In another version he was living an ordinary life in his ‘villa,’ not in a penitential cell, when the king’s daughter lost her way at the hunt. After the crime he was seized with compunction, and went out into the Campagna, living only on the herbs he could gather with his mouth, like an animal, and vowing that he would never again raise his head to Heaven till God gave him some token that He had forgiven him.
After eight years the king found him when out hunting, and, taking him for some kind of beast, put him in the stables. The little prince who was just born was taken by to the church to be baptised about this time; and, as they carried him back past the stables, he said aloud, ‘Rise, Giovanni, for God hath forgiven thy sins.’ Every one was very much astonished to hear him speak, and they sent for Giovanni and asked him to explain what it meant.

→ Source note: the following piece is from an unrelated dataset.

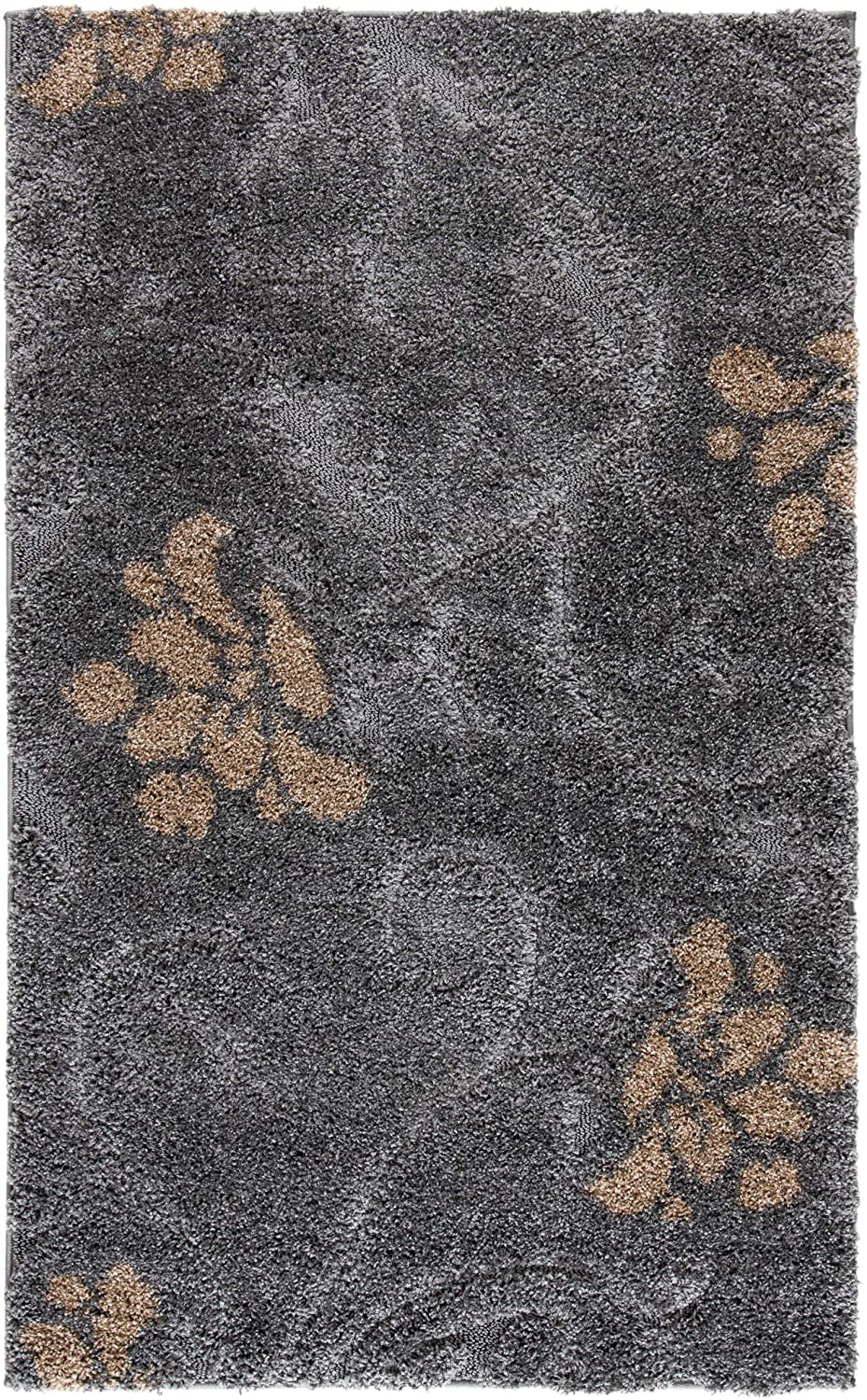 Grey and Beige Floral Shag Soft Pluah Area Rug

The rest as in the other versions.
[I have repeatedly come across this story, but without any material variation from one or other of the versions already given. It would be curious to trace how St. John Chrysostom’s name ever became connected with it. Though famous for his penitential life as much as for his eloquence, and though the four years he passed in the cells of the Antiochian cenobites were austere enough, yet his memory is stained by no sort of crime. So far from it, he was most carefully brought up by a widowed mother, whose exemplary virtues are said to have occasioned the exclamation from the Saint’s master, ‘What wonderful women have these Christians!’—Butler’s ‘Lives.’ There is something like its termination in that of ‘The Fiddler in Hell.’—Ralston’s ‘Russian Folk Tales,’ pp. 299, 300. The years of voluntary silence, and the finding of the silent person by a king out hunting, enter into many tales otherwise of another class, as in ‘Die Zwölf Brüder’ (the Twelve Brothers), Grimm, p. 37, and ‘Die Sechs Schwäne’ (the Six Swans), p. 191.]
DON GIOVANNI.
We had another Giovanni who had done worse things even than these, and who never became a penitent at all. Don Giovanni he was called. Everybody in Rome knew him by the name of Don Giovanni.
Among the other bad things he did, he killed a great man who was called the Commendatore; and though he had the crime of murder on his conscience he took no account of it, but swaggered about with an air of bravado as if he cared for no one.